# What you need to do
The task calls for an exact retyping of the lines from the one holding "Ultra Cotton ®" through the end of the listing, with pictures omitted and nothing added.

# Data
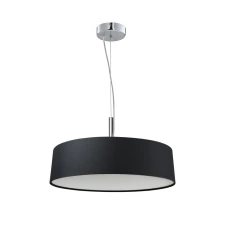 Candellux BLUM E27 хром 31-47311. Світильник підвісний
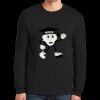 Ultra Cotton ® 100% Cotton Long Sleeve T Shirt Thumbnail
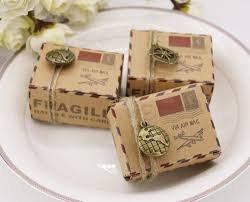 White wedding mail box, ashford, united kingdom. 100pcs Air Mail Plane Kraft Paper With Pandant Candy Chocolate Box Boxes For Wedding Party Birthday Baby Shower Favors Gift Star Favours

# Answer to the problem
 Ultra Cotton ® 100% Cotton Long Sleeve T Shirt Thumbnail
 White wedding mail box, ashford, united kingdom. 100pcs Air Mail Plane Kraft Paper With Pandant Candy Chocolate Box Boxes For Wedding Party Birthday Baby Shower Favors Gift Star Favours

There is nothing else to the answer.